True Names (1981) by Vernor Vinge

Don't miss out on other works by Vernor Vinge:
Marooned in Realtime (1986) Book Review
Available works by Vernor Vinge

Review

Published more than a decade before the internet started to have an impact on people’s lives, True Names is a truly visionary work that paved the way for the at the time nascent Cyberpunk movement, drawing up the battle lines between technocratic surveillance and individual freedom. Vinge’s work has had a lasting influence on Silicon Valley, not least among the more anarchic advocates of cryptography, cryptocurrency, and dark webs.

True Names traces the action of a group of hackers called warlocks, who busy themselves breaking into government and private computers around the world. All this take place in a virtual reality space called the Other Plane, where revealing one’s identity – one’s ‘true name’ – can lead to arrest or worse. When warlock Mr Slippery has his true name revealed, the government forces him to help track down a notorious warlock who goes by the name of Mailman, responsible for large-scale data breaches and subsuming large chunks of data processing power. A series of battles ensue in both the virtual and real world, bringing down the economy in the process, and from first suspecting that Mailman is of extraterrestrial origin – given its immense power and ability to replicate itself – it is only at the end of the story that Mr Slippery learns that the Mailman is a National Security Agency research project gone rogue.

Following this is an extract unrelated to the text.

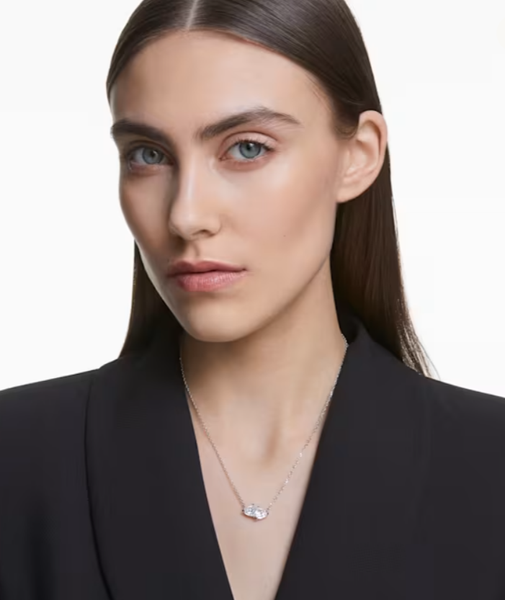  Mesmera Attract necklace Heart, White, Rhodium plated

In True Names Vinge envisions an Orwellian scenario where technology is used by the elites to control the masses, a dystopian trope adopted by the Cyberpunk movement. At the same time, Vinge’s warlocks – hacking into government departments, euphorically sifting through data at amazing speed – became a template for Cyberpunk’s console cowboy. It is this euphoric empowerment of the individual that came to influence the more anarchic elements of Silicon Valley. That Vinge’s Other Plane is clearly inspired by Dungeons and Dragons – fleshing out the idea that only the imagination stands in the way of how how data is visualised in a virtual world – has only added to his popular appeal. So it is perhaps no surprise that about a decade later activist Timothy C. May paid homage to Vinge in his influential Crypto Anarchist Manifesto (1988):

“A specter is haunting the modern world, the specter of crypto anarchy. Computer technology is on the verge of providing the ability for individuals and groups to communicate and interact with each other in a totally anonymous manner. Two persons may exchange messages, conduct business, and negotiate electronic contracts without ever knowing the True Name, or legal identity, of the other.”

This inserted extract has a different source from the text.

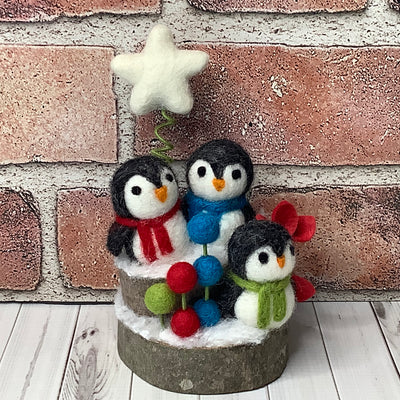Penguin Trio, Star & Flora on Natural Wood Base/Christmas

In other words, cryptography empowers people and undermines state and corporate control. May’s manifesto introduced the basic principles of crypto-anarchism: encrypted exchanges ensuring anonymity, freedom of speech, and freedom of trade. In today’s world crypto anarchism is very much alive in crypto currency circles, the idea being that a currency generated and anonymously secured by peer-to-peer networked devices outside of the banking system unshackles the individual.

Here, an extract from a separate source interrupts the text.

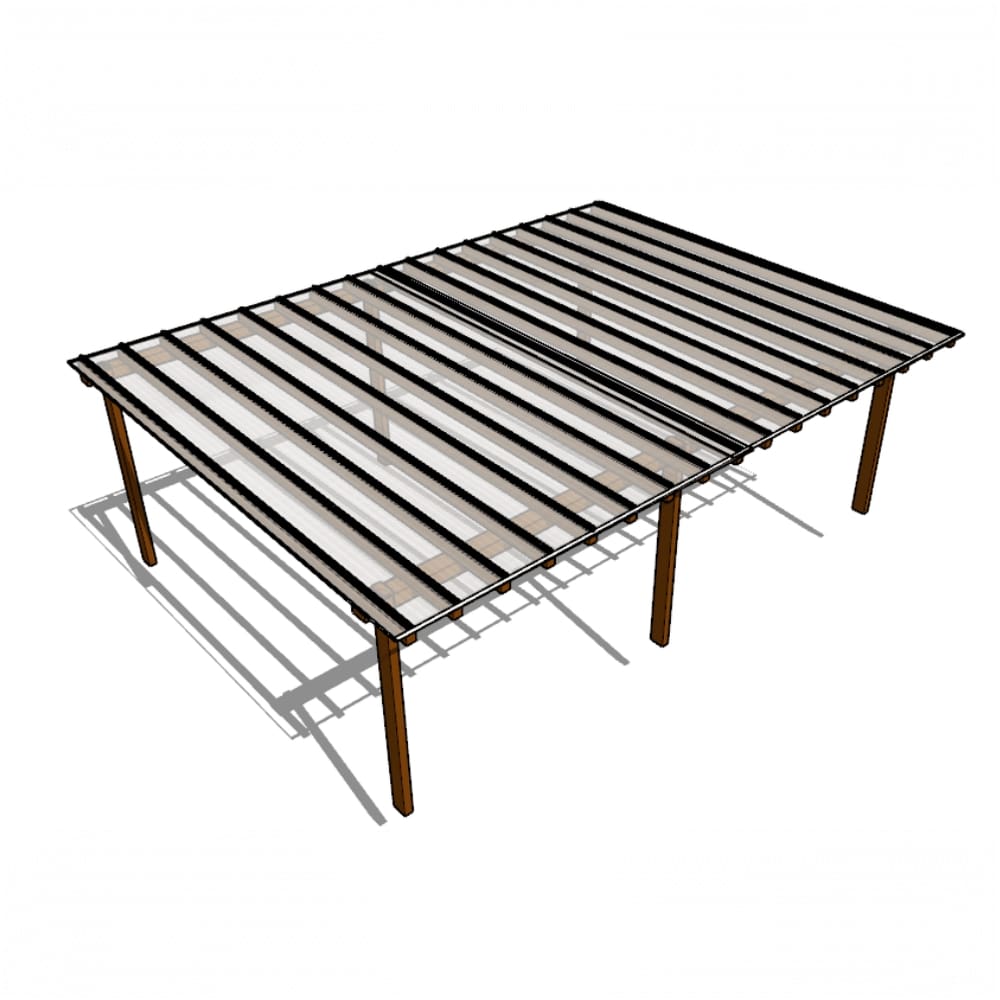 Kit Policarbonato Branco 4mm 8,00m x 6,00m - Perfis Naturais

In 1993 Vinge delivered a speech at the Department of Mathematical Sciences, San Diego State University, titled The Coming Technological Singularity: How to Survive in the Post-Human. His opening words were:

“Within thirty years, we will have the technological means to create superhuman intelligence. Shortly after, the human era will be ended.”

With the Mailman’s powers spiraling out of control, a theme Vinge further developed in Marooned in Realtime (1986), Vinge is generally credited with being the first to develop the concept of the AI-driven singularity. While the dangers of a technological singularity were to become major themes in much Cyberpunk literature as well as in Postmodern space opera, it is also integral to today’s public discourse on AI, as evidenced by Oxford University scholar Nick Bostrom’s hugely influential non-fiction book Superintelligence: Paths, Dangers, Strategies (2014).